Write out the data that follows exactly, keeping every picture out.

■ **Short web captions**

---

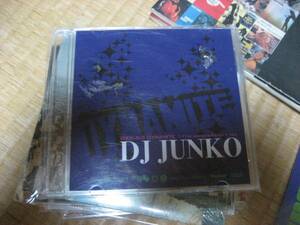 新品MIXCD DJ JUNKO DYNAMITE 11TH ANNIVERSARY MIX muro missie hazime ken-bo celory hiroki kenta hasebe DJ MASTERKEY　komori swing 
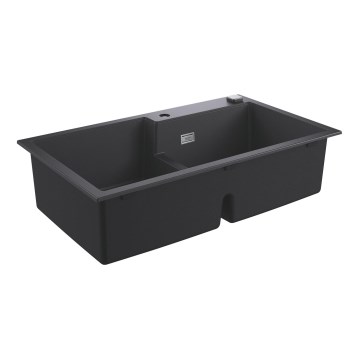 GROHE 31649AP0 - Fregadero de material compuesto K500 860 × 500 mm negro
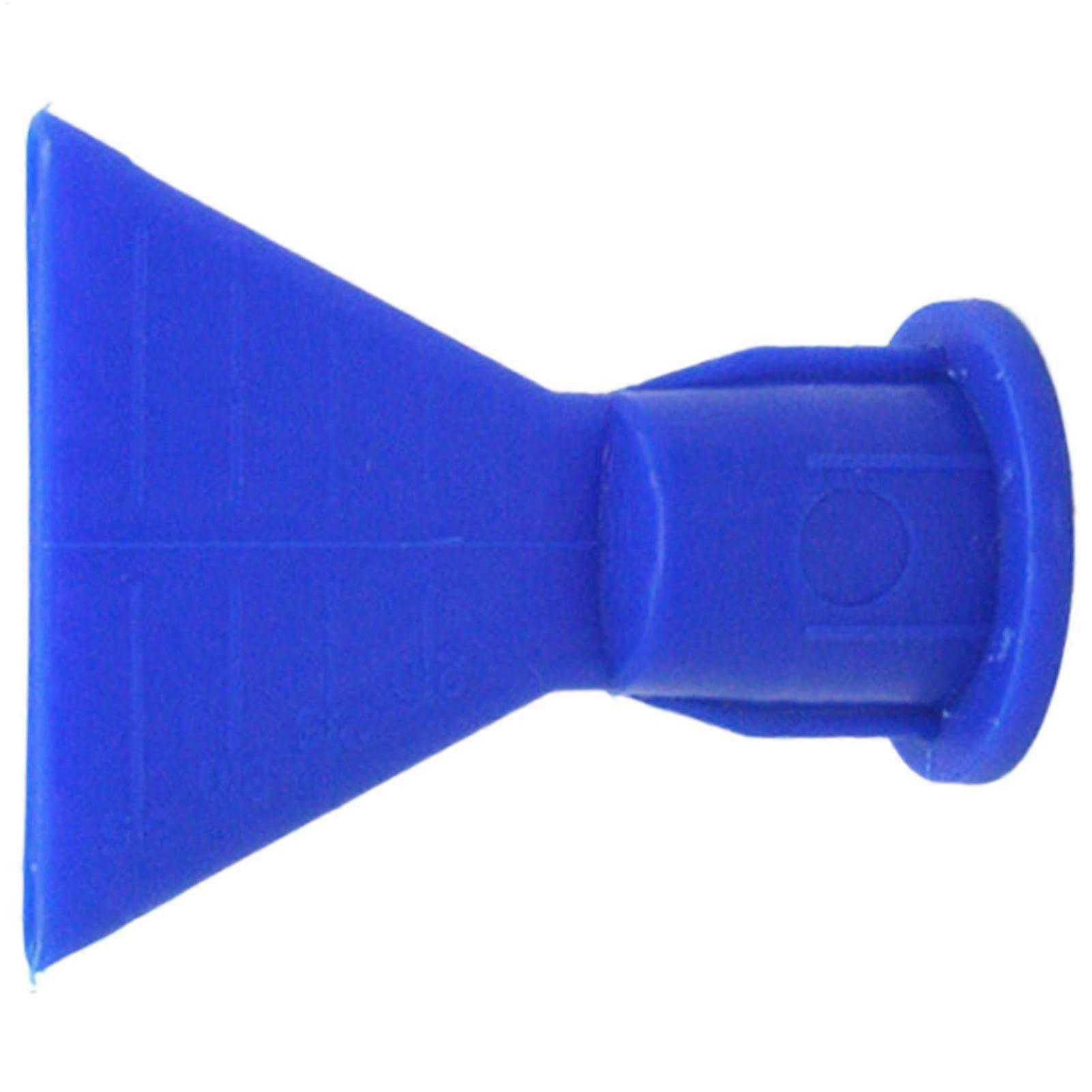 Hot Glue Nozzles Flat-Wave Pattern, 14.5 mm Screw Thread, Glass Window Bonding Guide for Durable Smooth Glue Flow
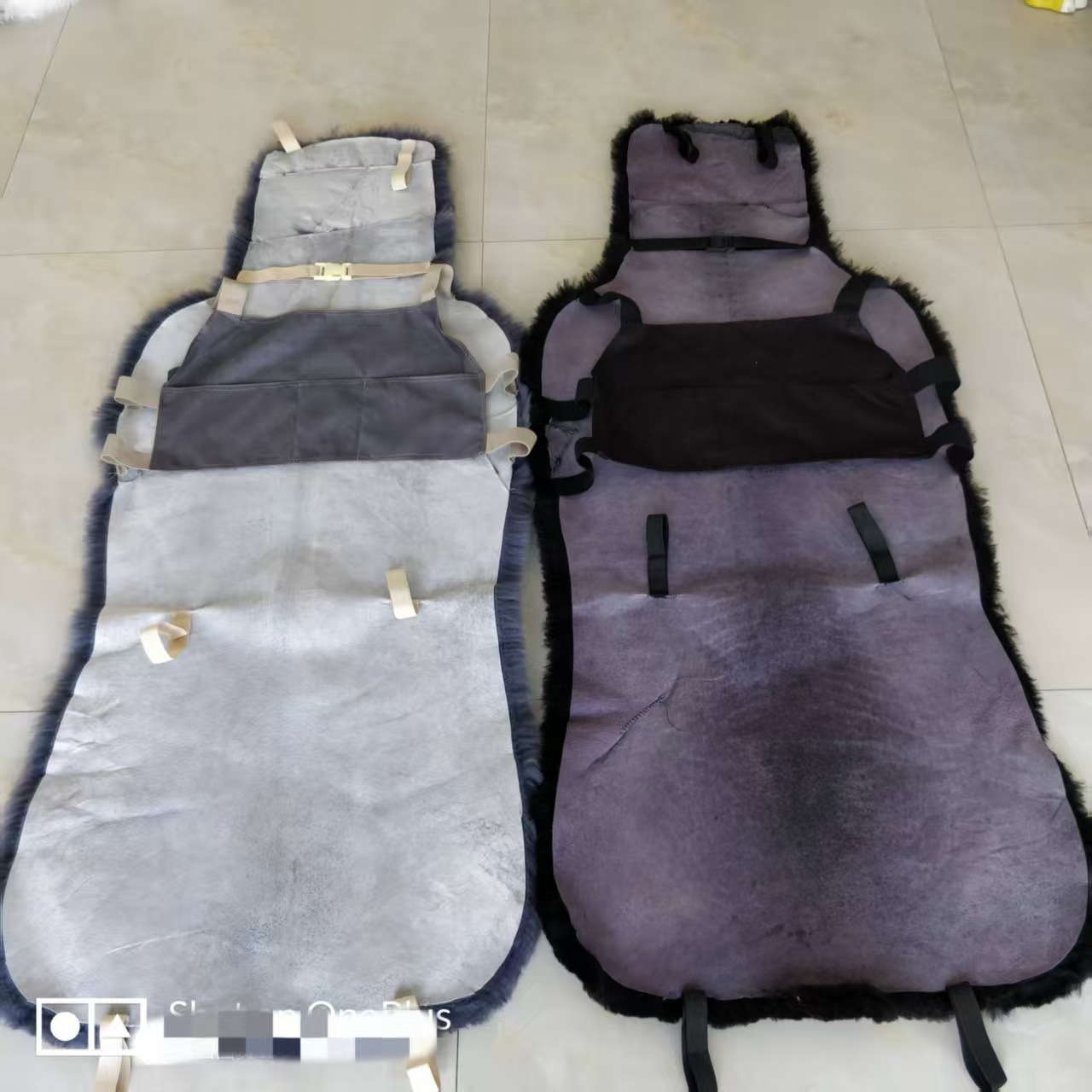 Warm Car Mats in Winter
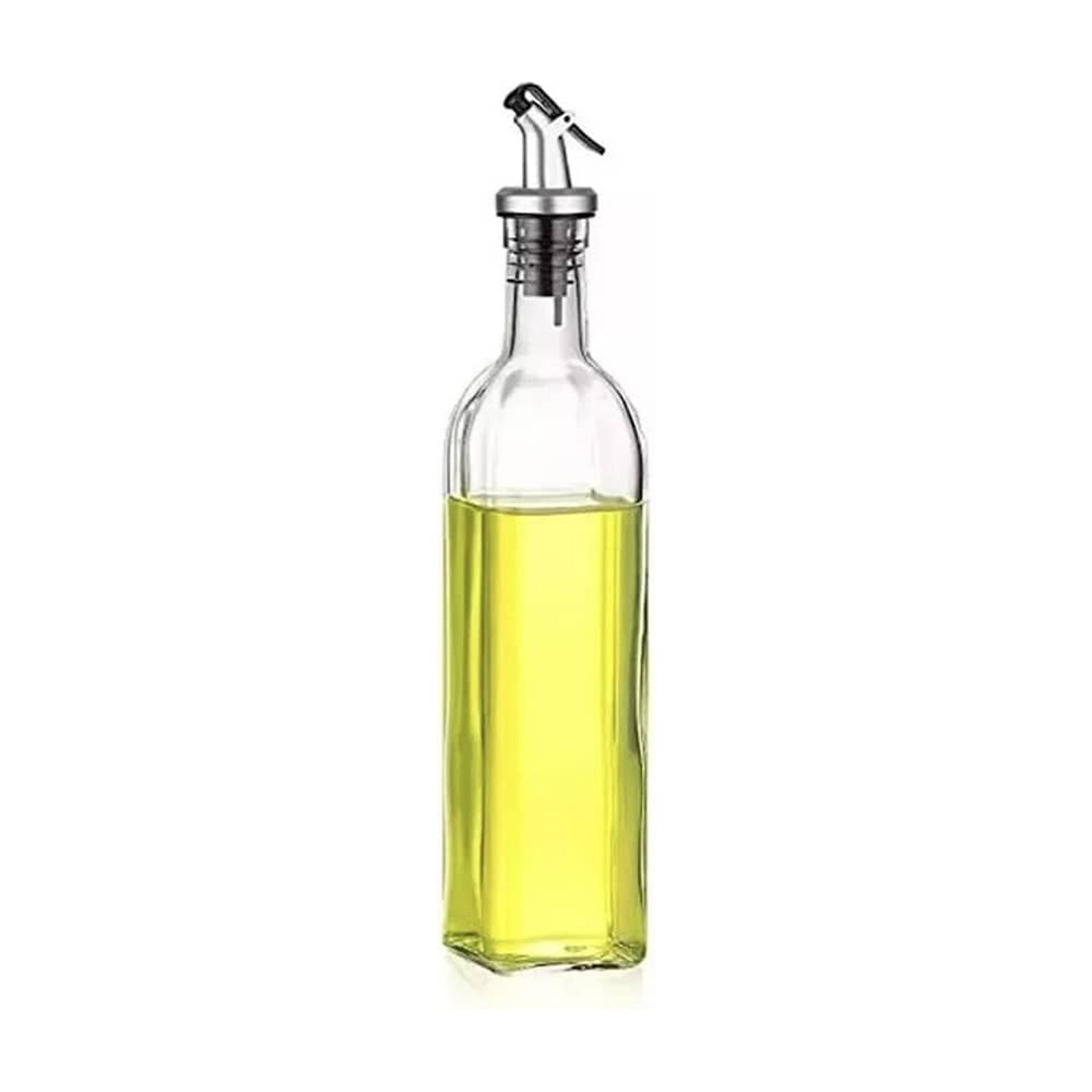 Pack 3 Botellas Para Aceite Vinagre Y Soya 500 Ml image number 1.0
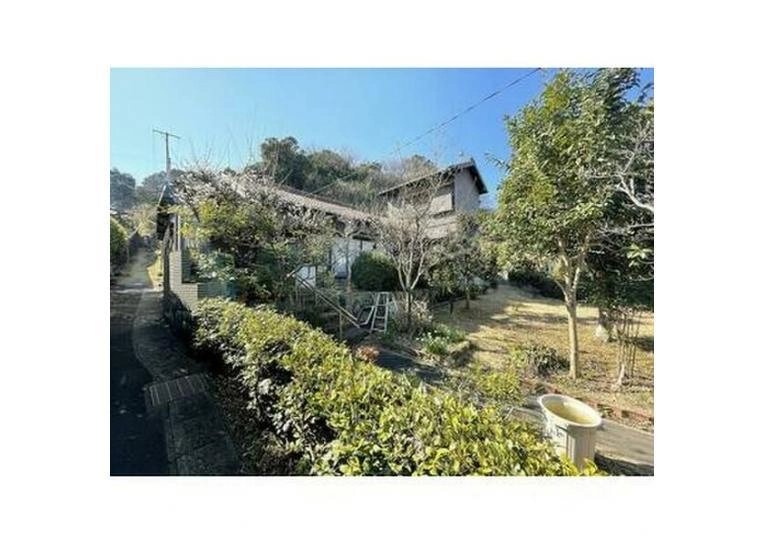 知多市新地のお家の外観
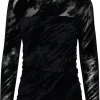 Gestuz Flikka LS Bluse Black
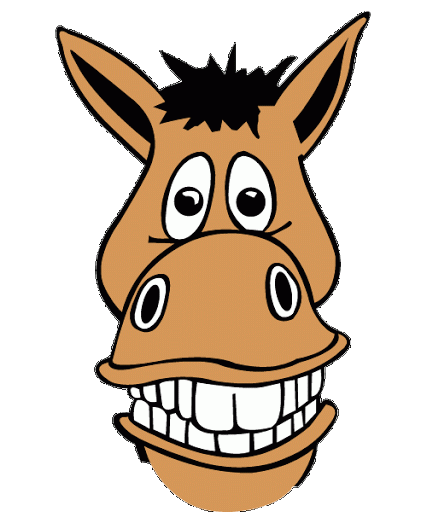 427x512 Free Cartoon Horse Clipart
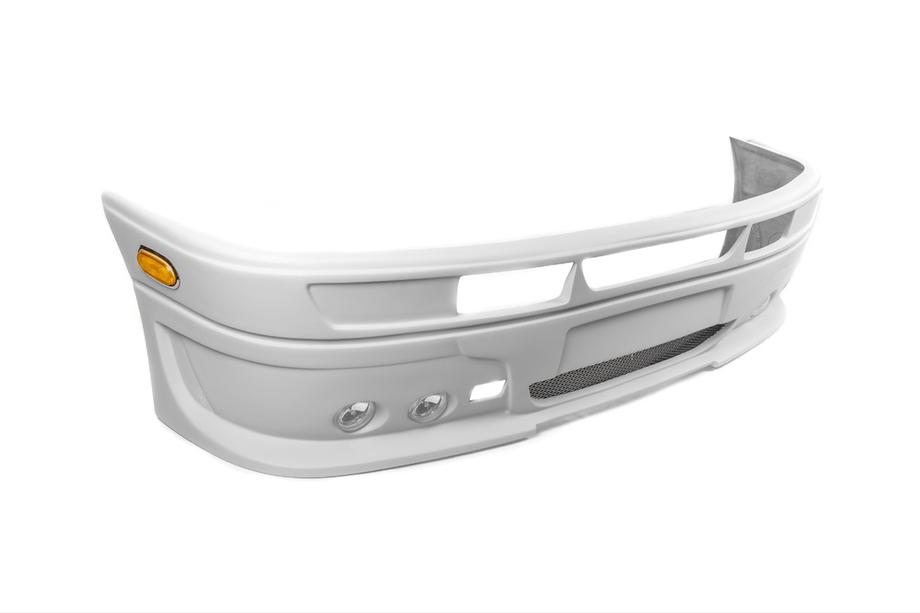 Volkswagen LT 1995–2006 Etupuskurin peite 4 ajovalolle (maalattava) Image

---

■ **Answer to this exercise**
 新品MIXCD DJ JUNKO DYNAMITE 11TH ANNIVERSARY MIX muro missie hazime ken-bo celory hiroki kenta hasebe DJ MASTERKEY　komori swing 
 GROHE 31649AP0 - Fregadero de material compuesto K500 860 × 500 mm negro
 Hot Glue Nozzles Flat-Wave Pattern, 14.5 mm Screw Thread, Glass Window Bonding Guide for Durable Smooth Glue Flow
 Warm Car Mats in Winter
 Pack 3 Botellas Para Aceite Vinagre Y Soya 500 Ml image number 1.0
 知多市新地のお家の外観
 Gestuz Flikka LS Bluse Black
 427x512 Free Cartoon Horse Clipart
 Volkswagen LT 1995–2006 Etupuskurin peite 4 ajovalolle (maalattava) Image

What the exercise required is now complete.